Froggie Wine Bar, Berlin, 2008

The wonderful and terrible part about this blog is I have to post something every day (according to the rules set by me), which forces me to come up with some kind of something on a regular basis. As a side benefit, it’s also helping me remember stories I had forgotten. Such as the mishap at the Froggie Wine Bar.

It was the last night of our honeymoon. (The “we” in this story is a past-tense “we”, but it’s far enough back that I’m able to look back with sepia glasses, at least on incidents like this.) We had been in Europe for two weeks, both of us had gotten horrifically ill with the flu, and he wasn’t an experienced traveler to begin with, so the time had taken a bit of a toll on. Also, when we checked in with the real world upon arriving in Berlin, we realized that apparently the world’s financial markets had exploded. It was really time to go home. But first, one last drink.

We weren’t going anywhere in particular. We’d had the best luck, in general, letting him wander around until he found a likely spot and then just diving in. That’s how we found the best (and smallest) bar in Antwerp. And that’s also how we found the Froggie Wine Bar.

The Froggie Wine Bar may have a name, but I don’t know it. It’s the place listed in the NYT article as being on Kollwitzstrasse, if I remember correctly, but I didn’t know even that until I just googled “Berlin wine bar” and it popped right up. What I do remember is a) it was below street level, b) it was very dark, c) its decor included Persian rugs, a single-stall bathroom with additional seating in it, in case you’d like an audience, and many small ceramic frogs, including a frog into which you placed any amount of money you wanted to at the end of the night, and d) we got chased down the street and yelled at after we did just that.

We each had two glasses of wine, plus some nuts and olives they brought us in tiny dishes.
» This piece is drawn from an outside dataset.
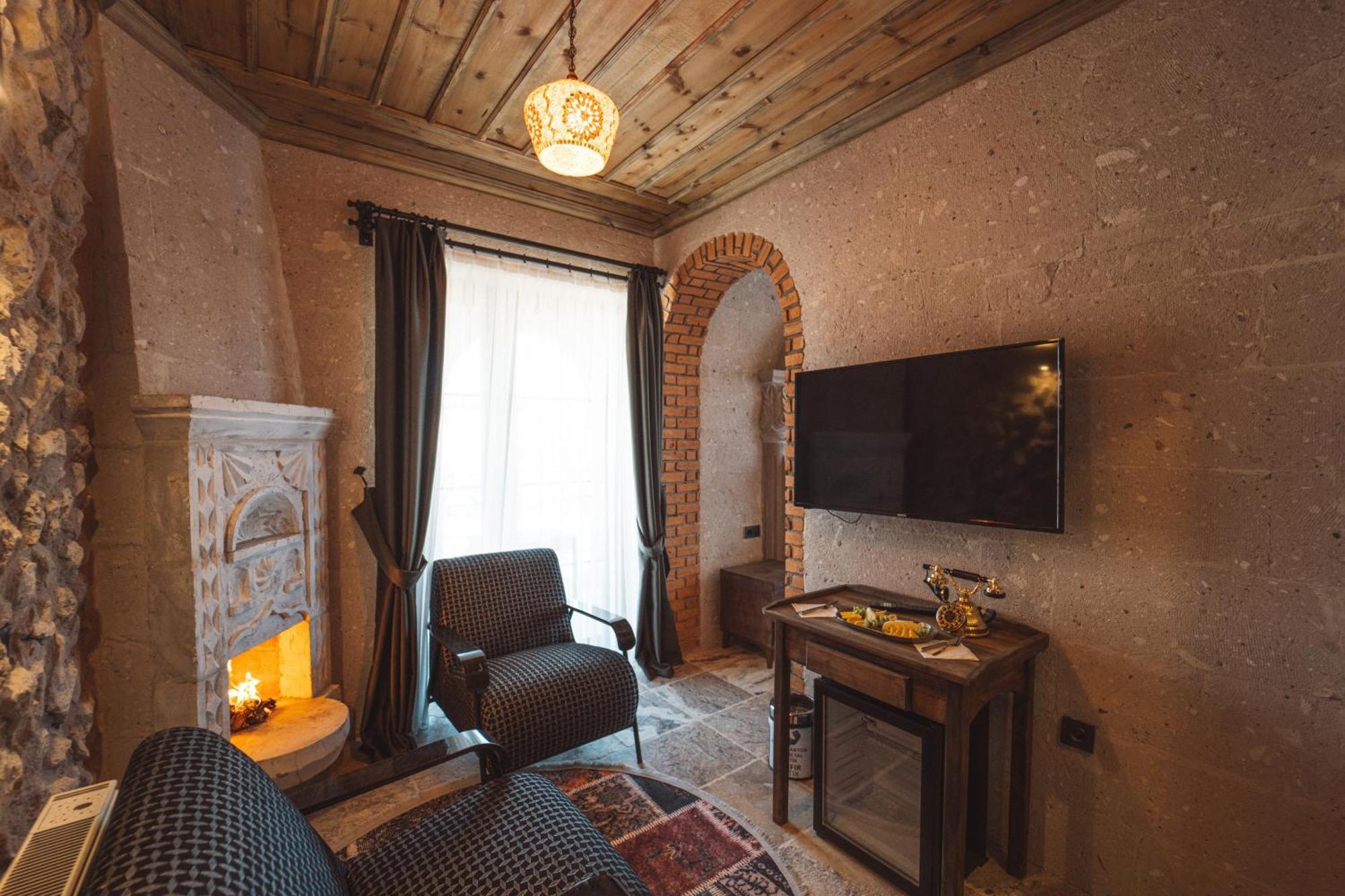 Hotel Alin Stone House Üchisar Exteriér fotografie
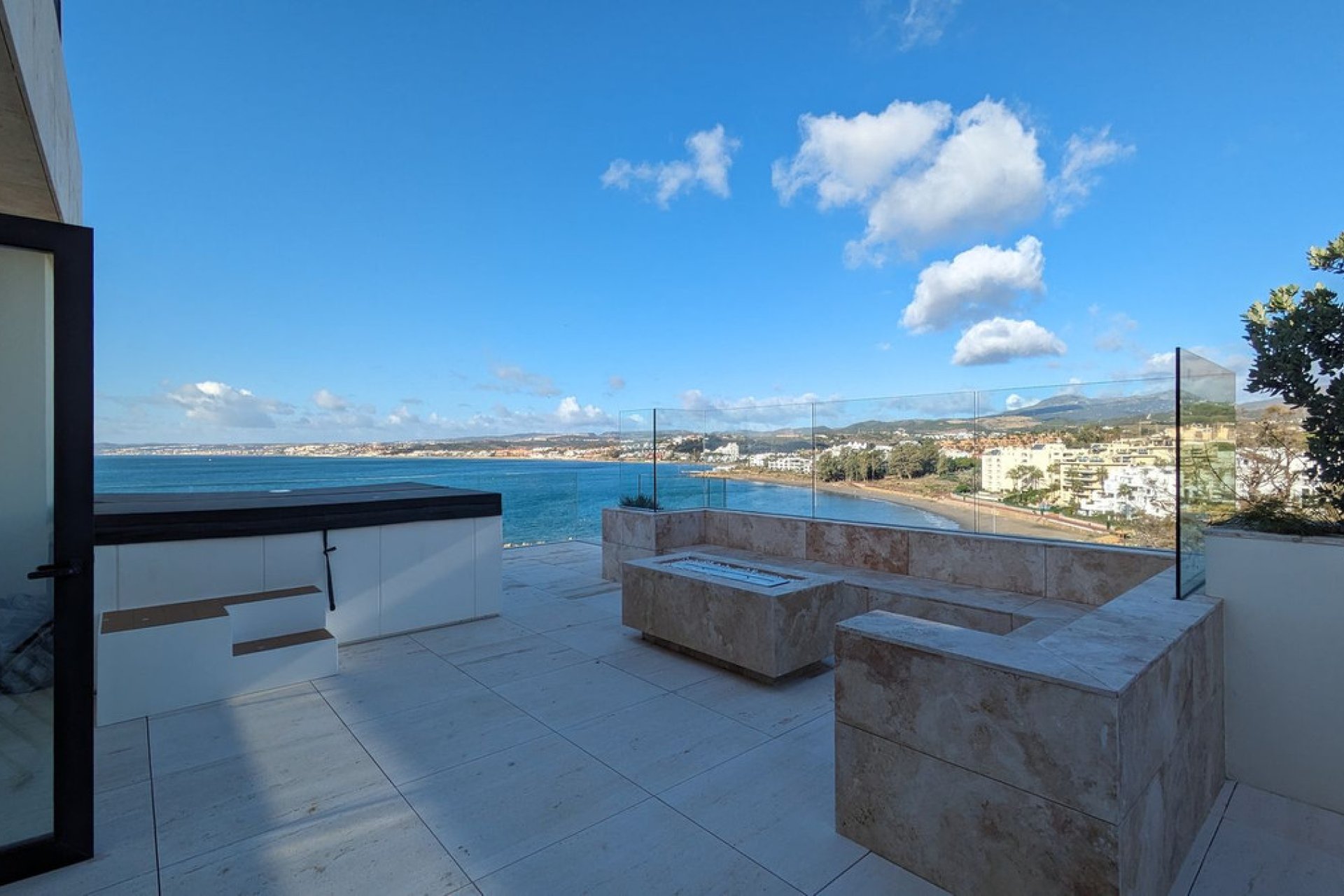 Resale - Apartment - Penthouse Duplex - Estepona - Estepona Centro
We started to get tipsy and say the sorts of things people on their honeymoon say to each other. It was time to leave. We asked and asked our sweet young waiter, “How much money should we leave?” “Whatever you think is fair.” “Really, how much? Ten euros?” “Anything you want, it is completely up to you.”

We were at the end of a long trip. Our jobs and mortgage were probably in danger back home. We were a little drunk and just wanted to get back to our hotel room. So we left, if I remember right, about six euros in coins, which admittedly was very cheap of us, and said Danke many times, and then walked out the door.

A block away, the waiter caught up to us, screaming. “How could you leave this little? You have to leave more!” We reminded him that we had asked him how much to leave and that he had said whatever we want, so we left what we wanted. He said it wasn’t enough. He was very agitated, but we weren’t sure exactly what our rights were at this point, having left the bar, now out on the street, in a strange city where we didn’t speak the language. We didn’t want to make more of a scene than was already being caused. We asked him how much more he wanted. He said it was up to us. At this point, my husband almost lost his mind. “What do you want from us?” Then the waiter explained that he thought it was OK whatever we did, but his mother had been upset by how little we left. Ah. It’s always the mother. I took out ten euros. “How about this?” He nodded. “Yes, this is fine.” Now we were friends. He took the money and wished us a good night.

We stood there for a minute, perplexed, and watched him walk back to his bar, back to his mother with the ten-euro bill for her. And then we busted out laughing, and I don’t think we stopped rehashing the encounter until we were back at the hotel.